Quick Start
Get started with PageData.to in under 5 minutes
You'll need an API key to get started. Sign up for a free account to get yours.
1. Get Your API Key
Sign up for a free account and grab your API key from the dashboard.
pd_live_1234567890abcdef
2. Make Your First Request
Use our simple API to extract data from any webpage by specifying field names.
curl -X POST https://api.pagedata.to/v1/extract \
-H "Content-Type: application/json" \
-H "Authorization: Bearer YOUR_API_KEY" \
-d '{
"url": "https://example.com/product",
"fields": "product_title, price, rating"
}'3. Get Your Data
Receive clean, structured JSON back instantly.
{
"success": true,
"data": {
"product_title": "Sony WH-1000XM5 Wireless Headphones",
"price": "$349.99",
"rating": "4.7 out of 5 stars"
}
}Authentication
Secure your API requests with API keys
PageData.to uses API keys to authenticate requests. You can create and manage your API keys from your dashboard.
Using Your API Key
Include your API key in the Authorization header of every request using the Bearer authentication scheme.

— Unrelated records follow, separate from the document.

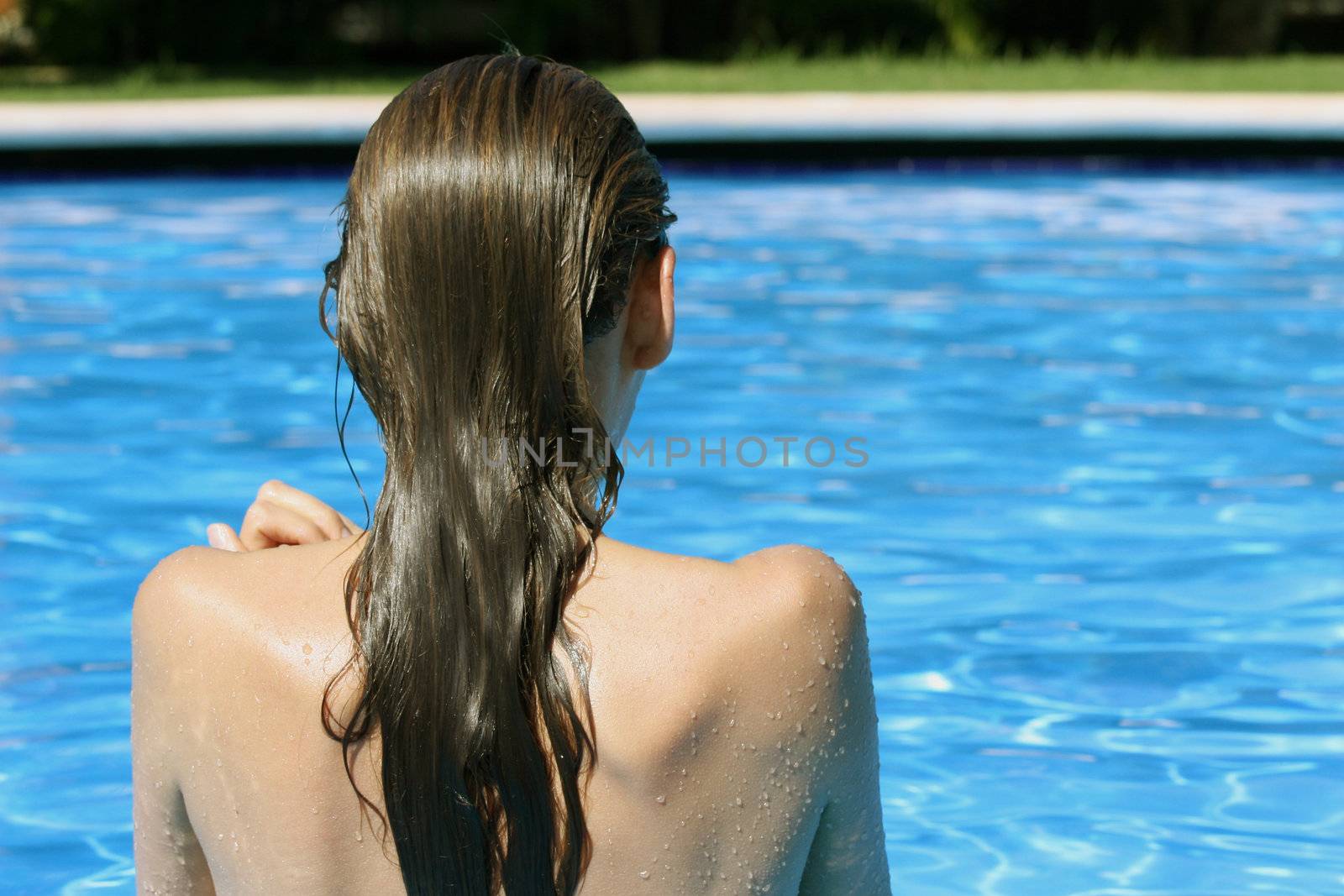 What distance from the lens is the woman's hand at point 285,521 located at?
5.59 feet

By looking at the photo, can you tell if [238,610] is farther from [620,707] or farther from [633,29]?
[633,29]

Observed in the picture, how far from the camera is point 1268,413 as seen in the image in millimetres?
5801

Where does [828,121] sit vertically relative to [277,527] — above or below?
below

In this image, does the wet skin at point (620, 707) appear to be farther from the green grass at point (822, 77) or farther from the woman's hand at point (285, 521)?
the green grass at point (822, 77)

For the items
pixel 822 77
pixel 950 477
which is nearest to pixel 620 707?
pixel 950 477

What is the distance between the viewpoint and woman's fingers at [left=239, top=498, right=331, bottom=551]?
1702 mm

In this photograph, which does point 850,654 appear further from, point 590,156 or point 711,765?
point 590,156

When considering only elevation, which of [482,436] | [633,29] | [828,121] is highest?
[482,436]

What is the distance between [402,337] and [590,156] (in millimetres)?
211

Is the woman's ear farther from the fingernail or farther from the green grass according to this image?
the green grass

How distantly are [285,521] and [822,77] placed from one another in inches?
498

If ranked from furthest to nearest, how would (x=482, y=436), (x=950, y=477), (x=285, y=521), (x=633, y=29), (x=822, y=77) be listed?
(x=633, y=29) → (x=822, y=77) → (x=950, y=477) → (x=285, y=521) → (x=482, y=436)

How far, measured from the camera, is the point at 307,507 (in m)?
1.71

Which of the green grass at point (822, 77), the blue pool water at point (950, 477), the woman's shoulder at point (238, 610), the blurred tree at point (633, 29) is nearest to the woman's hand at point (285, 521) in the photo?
the woman's shoulder at point (238, 610) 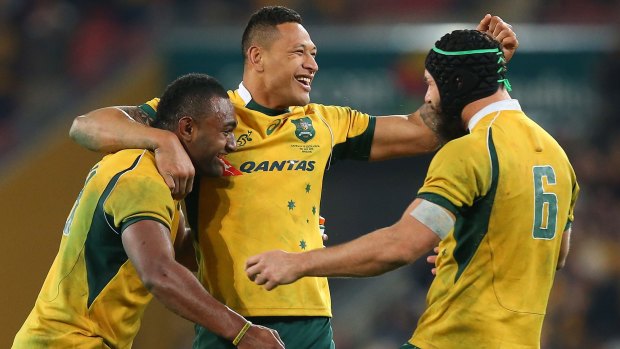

Authorization: Bearer pd_live_1234567890abcdef
Important: Keep your API keys secure and never expose them in client-side code or public repositories. Use environment variables to store your keys.
API Key Format
API keys follow the format pd_live_ followed by a random string. Test mode keys use pd_test_ prefix.
API Reference
Complete reference for all PageData.to endpoints
/api/extractExtract structured data from a webpage by specifying field names to extract.
Request Body
| Parameter | Type | Required | Description |
|---|---|---|---|
| url | string | Yes | The URL of the webpage to extract data from. Must be a valid URL format. |
| fields | string | object | Yes | Simple mode: Comma-separated string (e.g., "title, price, description"). Advanced mode: Schema object defining complex structures with nested objects and arrays. |
| mode | string | No | Either simple (default) or advanced. Advanced mode requires fields to be a schema object. |
| extract_multiple | boolean | No | Set to true to extract multiple items from a page (e.g., list of products). Default: false. Only applies to simple mode. |
| stealth_plus | boolean | No | Enable enhanced stealth mode for difficult-to-scrape sites. Default: false. |
| output_format | string | No | Output format: json (default) or csv. CSV format automatically downloads as a file. |
Response
{
"success": true,
"data": {
// Your extracted data as key-value pairs
// Field names match what you specified in the request
// All values are returned as strings (optional/nullable)
}
}Error Responses
Invalid request parameters
Missing or invalid API key
Plan limit exceeded or quota exhausted
Rate limit or concurrency limit exceeded
Scraping failed, extraction error, or other server-side issue
Examples
Real-world examples showing different ways to use the API
Simple Field Extraction
Extract basic fields from a product page
curl -X POST https://api.pagedata.to/v1/extract \
-H "Content-Type: application/json" \
-H "Authorization: Bearer YOUR_API_KEY" \
-d '{
"url": "https://example.com/product",
"fields": "title, price, description, rating"
}'Extract Multiple Items
Extract a list of products from a category page
{
"url": "https://example.com/products",
"fields": "product_name, price, availability",
"extract_multiple": true
}
// Response:
{
"success": true,
"data": {
"data": [
{
"product_name": "Product 1",
"price": "$29.99",
"availability": "In Stock"
},
{
"product_name": "Product 2",
"price": "$39.99",
"availability": "Out of Stock"
}
]
}
}Advanced Schema with Nested Objects
Define complex data structures for detailed extraction
{
"url": "https://example.com/product",
"mode": "advanced",
"fields": {
"type": "object",
"properties": {
"title": { "type": "string" },
"price": {
"type": "object",
"properties": {
"amount": { "type": "string" },
"currency": { "type": "string" },
"discount": { "type": "string" }
}
},
"reviews": {
"type": "array",
"items": {
"type": "object",
"properties": {
"author": { "type": "string" },
"rating": { "type": "string" },
"comment": { "type": "string" }
}
}
}
}
}
}Export to CSV
Get results as a CSV file for spreadsheet import
{
"url": "https://example.com/products",
"fields": "product_name, price, rating",
"extract_multiple": true,
"output_format": "csv"
}
// Response will be a CSV file:
// Content-Type: text/csv
// Content-Disposition: attachment; filename="extract-2025-10-29T12-00-00.csv"
product_name,price,rating
"Product 1","$29.99","4.5"
"Product 2","$39.99","4.8"Using Stealth Mode
Enable enhanced scraping for difficult sites
{
"url": "https://difficult-site.com/page",
"fields": "title, content",
"stealth_plus": true
}
// Higher success rate on protected sitesBest Practices
Tips and recommendations for optimal API usage
Field Naming
- Use descriptive, semantic field names (e.g., "product_title" instead of "field1")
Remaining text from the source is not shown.